É dos livros: em situações como a que vivemos é difícil permanecer construtivo e sereno.
Vem isto a propósito das referências de alguns responsáveis europeus – a começar pelo Presidente da Comissão Europeia – sobre a crise portuguesa e o papel do Tribunal Constitucional. Muitas foram as vozes que em Portugal se manifestaram a criticar essa intromissão nos nossos assuntos internos. Também a senhora Lagarde e o FMI mereceram reparos.
Correndo o risco de perder 90% dos leitores no final desta frase, parece-me natural que as instituições europeias se preocupem com o que se passa no nosso país; que, de alguma forma, tomem posição sobre aquilo que, de génese interna – também em domínios da chamada “alta” soberania, como no caso da Constituição e das suas normas -, tem consequências externas, nomeadamente na nossa integração europeia; já julgo que é ir longe de mais tentar influenciar decisões de instituições nacionais, embora compreenda a sua razão de ser.
Para os 10% de leitores que ainda me seguem nesta parágrafo, recordo algo que a voracidade e inquietude dos tempos que correm tem obscurecido: a integração europeia é um bem comum aos 28 Estados-membros da União Europeia e nenhum deles é obrigado a permanecer nela; basta lembrar que já em 2015 o Reino Unido deverá colocar essa pertença a referendo. Mas enquanto existir um projecto comum, tudo o que se passa num país que tenha consequências para os outros deve ser objecto de preocupação, reflexão e opinião por parte das instituições europeias, que são responsáveis e guardiões do interesse comum. Já interferir nos processos democráticos internos é outra questão…
Um brevíssimo comentário mais, antes de voltar ao tema central:
A integração europeia visa objectivos simples e claros:
A paz na Europa, assegurada há quase 70 anos entre os países que constituem a União, algo de inédito na História milenar deste continente – nunca aconteceu! É improvável que aconteça?
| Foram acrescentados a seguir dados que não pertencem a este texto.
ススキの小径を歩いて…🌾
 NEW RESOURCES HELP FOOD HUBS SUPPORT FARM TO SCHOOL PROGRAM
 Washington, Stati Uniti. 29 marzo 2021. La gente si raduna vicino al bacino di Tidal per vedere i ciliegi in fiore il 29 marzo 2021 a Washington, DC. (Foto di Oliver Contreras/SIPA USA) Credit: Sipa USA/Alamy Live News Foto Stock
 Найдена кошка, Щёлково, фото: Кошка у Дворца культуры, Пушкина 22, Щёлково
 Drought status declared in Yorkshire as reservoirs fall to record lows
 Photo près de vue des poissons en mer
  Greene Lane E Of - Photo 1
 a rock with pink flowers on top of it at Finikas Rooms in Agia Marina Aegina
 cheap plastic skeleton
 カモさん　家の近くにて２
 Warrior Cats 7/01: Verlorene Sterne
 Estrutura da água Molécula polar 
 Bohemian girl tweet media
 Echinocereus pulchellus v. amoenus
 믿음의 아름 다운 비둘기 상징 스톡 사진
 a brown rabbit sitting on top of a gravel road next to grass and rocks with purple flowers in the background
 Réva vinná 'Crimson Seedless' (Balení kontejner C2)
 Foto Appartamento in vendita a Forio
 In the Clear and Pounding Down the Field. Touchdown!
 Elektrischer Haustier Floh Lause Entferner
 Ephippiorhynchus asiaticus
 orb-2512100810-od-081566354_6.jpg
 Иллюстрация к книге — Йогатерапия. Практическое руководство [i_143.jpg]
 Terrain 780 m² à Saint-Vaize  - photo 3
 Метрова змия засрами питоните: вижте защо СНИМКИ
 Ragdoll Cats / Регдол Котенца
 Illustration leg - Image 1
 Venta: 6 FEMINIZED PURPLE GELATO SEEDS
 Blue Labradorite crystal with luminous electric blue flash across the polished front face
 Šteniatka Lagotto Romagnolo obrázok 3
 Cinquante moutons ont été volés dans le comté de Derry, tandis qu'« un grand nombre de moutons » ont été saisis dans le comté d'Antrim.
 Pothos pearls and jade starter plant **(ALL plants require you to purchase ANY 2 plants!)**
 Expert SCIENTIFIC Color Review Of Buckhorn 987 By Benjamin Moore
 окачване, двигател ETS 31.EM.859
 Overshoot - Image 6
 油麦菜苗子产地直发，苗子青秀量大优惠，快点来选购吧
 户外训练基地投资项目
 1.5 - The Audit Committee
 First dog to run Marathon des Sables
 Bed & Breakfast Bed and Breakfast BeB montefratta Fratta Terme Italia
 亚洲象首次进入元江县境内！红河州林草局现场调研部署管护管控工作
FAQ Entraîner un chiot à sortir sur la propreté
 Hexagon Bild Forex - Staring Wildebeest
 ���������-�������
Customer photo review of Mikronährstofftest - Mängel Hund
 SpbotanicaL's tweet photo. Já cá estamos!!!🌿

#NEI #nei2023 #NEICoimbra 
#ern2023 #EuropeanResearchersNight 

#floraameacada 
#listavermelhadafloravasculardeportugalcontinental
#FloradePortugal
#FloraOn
Pois isso mesmo pensavam os europeus em 1914, imediatamente antes da 1ª Guerra (basta revisitar Stefan Sweig).
O segundo objectivo é o desenvolvimento económico e uma equilibrada repartição da riqueza; neste caso, a dúvida instalada nos últimos anos no espírito dos europeus despertou velhos demónios das democracias ocidentais. Por um lado, esquecemos que durante quase 40 anos a Europa viveu um extraordinário boom económico e alcançou um Estado de bem-estar raro (ou inédito) na História humana. É um facto que atravessamos uma crise – mas não atravessamos todos a mesma crise, nem ao mesmo tempo, nem com as mesmas consequências. Portugal tem de decidir se prefere enfrentar os ventos que o futuro traz sozinho, como fez tantas vezes no passado (com o indizível sofrimento que infelizmente muito se desconhece), ou prosseguir uma aventura colectiva que não está fadada ao sucesso mas de cujo sucesso depende o futuro do continente. É fácil e é só isso.
Voltando aos comentários de responsáveis europeus sobre a actuação do Tribunal Constitucional: o momento em que estas declarações são feitas não é o mais adequado (entendendo eu embora porque são feitas neste momento). Em cima da apresentação de um orçamento duríssimo, essas palavras são sal grosso sobre a carne viva de uma nação que sofre. Deviam ter sido guardadas para outra altura, com mais recuo e maior possibilidade de serem entendidas.
Entenda-se: no actual estado do país, ouve-se muito mais do que se escuta.
É normal. Mas ao avaliar posições como as de Barroso, do representante da Comissão em Portugal (ao que dizem), de Lagarde, não devemos também partir do princípio que elas servem qualquer tipo de agressão, agenda maléfica ou menorização de Portugal; antes, que são uma parte do processo em que as acções de uns se repercutem na vida de outros, sendo que uns e outros estão (estamos) juntos no mesmo caminho.